ABSTRACT Type 1 diabetes (T1D) is an autoimmune disease, whose symptoms and complications result in increased morbidity, mortality, and life-long dependence on insulin. The Type 1 Diabetes Genetics Consortium (T1DGC, Stephen Rich, PI) conducted the largest T1D GWAS meta-analysis and identified over 40 T1D risk loci. The T1DGC refined the T1D risk variants by fine mapping with the ImmunoChip and constructing sets of 99% credible single nucleotide polymorphisms (SNPs) within each locus. Bioinformatic analyses of T1D-associated credible SNPs discovered enrichment in regions involved in gene regulation of immune-relevant cell types (CD4 and CD8 T cells, CD19 B cells). Despite these discoveries on the genetic basis of T1D, the mechanisms that define how T1D-associated SNPs contribute to disease susceptibility remain unclear. Here, we propose a powerful and innovative approach to define function of the T1D-associated SNPs and identify their target, causal effector genes through integrated analyses of T1D-relevant tissues. We will (Aim 1) generate an integrated 3D map of the gene regulatory architecture of T1D susceptibility by conducting ATAC-seq, RNA-seq and whole- genome promoter-focused Capture-C analysis on purified human cell populations; (Aim 2) perform single-cell immunophenotyping and eQTL analysis of T1DGC samples using CITE-seq, a single-cell RNA-seq approach guided by DNA-barcoded antibodies against lineage markers to characterize the immune cell subsets identified in Aim 1, allowing us to focus on SNPs that are regulatory and likely contribute to T1D risk; and (Aim 3) conduct functional validation of T1D SNP-gene regulatory effects using CRISPR/Cas9 genome editing in human immune cells to directly test whether these SNPs reside in regions that are required for T1D gene expression using Cas9-mediated editing. Our outstanding research team provides complementary and synergistic approaches to understanding the function and gene targets that modulate genetic risk of T1D. Together, we will establish the mechanisms underlying contribution of T1D-associated SNPs to inflammatory gene regulation and, by revealing the SNP-enhancer-gene link in 3D, are poised to discover novel molecular targets for therapeutic intervention to treat or prevent T1D.

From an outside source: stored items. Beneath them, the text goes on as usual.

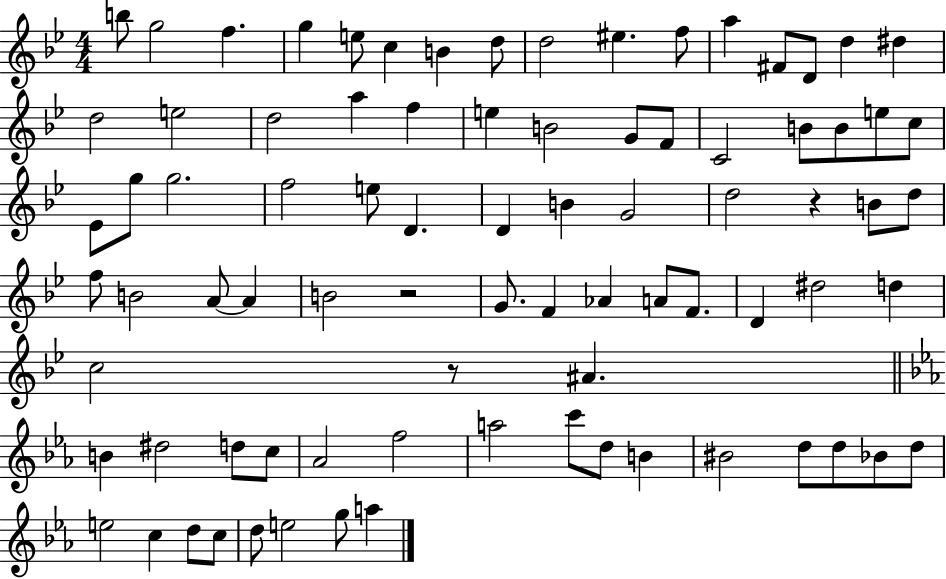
X:1
T:Untitled
M:4/4
L:1/4
K:Bb
b/2 g2 f g e/2 c B d/2 d2 ^e f/2 a ^F/2 D/2 d ^d d2 e2 d2 a f e B2 G/2 F/2 C2 B/2 B/2 e/2 c/2 _E/2 g/2 g2 f2 e/2 D D B G2 d2 z B/2 d/2 f/2 B2 A/2 A B2 z2 G/2 F _A A/2 F/2 D ^d2 d c2 z/2 ^A B ^d2 d/2 c/2 _A2 f2 a2 c'/2 d/2 B ^B2 d/2 d/2 _B/2 d/2 e2 c d/2 c/2 d/2 e2 g/2 a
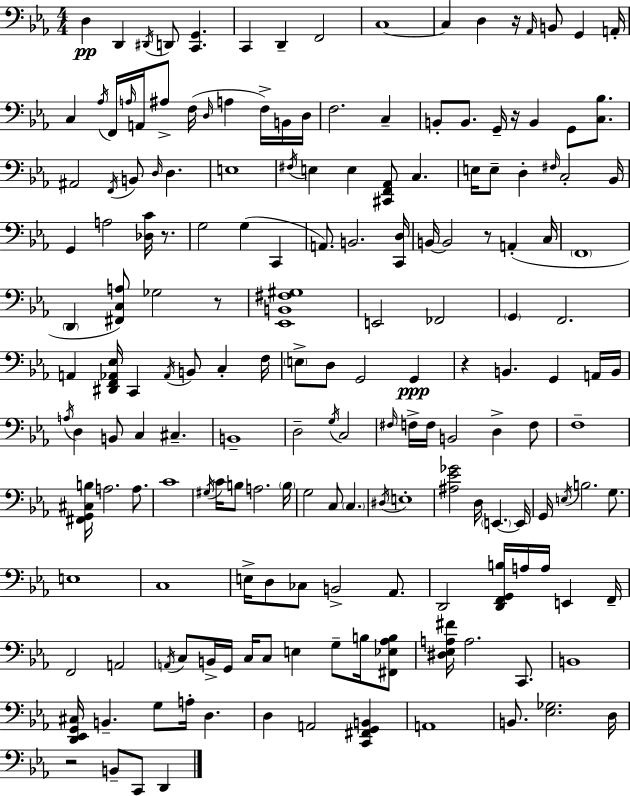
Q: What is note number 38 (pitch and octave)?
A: D3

摘要 1型糖尿病(T1D)是一种自身免疫性疾病，其症状和并发症导致 发病率、死亡率和对胰岛素的终生依赖。1型糖尿病遗传联盟(T1DGC， Stephen Rich，Pi)进行了最大规模的T1D GWASMeta分析，确定了40多个T1D风险基因。这个 T1DGC通过与免疫芯片进行精细定位并构建99%可信的集合来提炼T1D风险变量 每个基因座的单核苷酸多态(SNPs)。T1D相关可信基因的生物信息学分析 SNPs在免疫相关细胞类型(CD4和CD8)的基因调控区域发现了丰富 T细胞、CD19 B细胞)。尽管有这些关于T1D基因基础的发现，但定义T1D的机制 与T1D相关的SNPs如何影响疾病易感性尚不清楚。在这里，我们提出一种 强大而创新的方法来定义与T1D相关的SNP的功能并确定它们的目标、原因 通过整合分析T1D相关组织的效应基因。我们将(目标1)生成一个集成的3D 用ATAC-seq、RNA-seq和全长序列构建T1D易感性基因调控结构图 基因组启动子聚焦的纯化人类细胞群体的Capture-C分析(目标2)进行单细胞 单细胞RNA-SEQ CITE-SEQ用于T1DGC的免疫表型和eQTL分析 以DNA条形码抗体为导向的免疫细胞亚群鉴定方法 在目标1中确定，使我们能够专注于受监管并可能导致T1D风险的SNPs；以及(Aim 3)使用CRISPR/Cas9基因组编辑进行T1D SNP基因调控效应的功能验证 以直接测试这些SNPs是否位于T1D基因所需的区域 使用Cas9介导的编辑进行表达。我们优秀的研究团队提供了互补和 了解调节T1D遗传风险的功能和基因靶点的协同方法。 我们将共同建立与T1D相关的SNPs在炎症中的潜在作用机制 基因调控，并通过在3D中揭示SNP-增强子-基因链接，有望发现新的分子 治疗或预防T1D的治疗干预的靶点。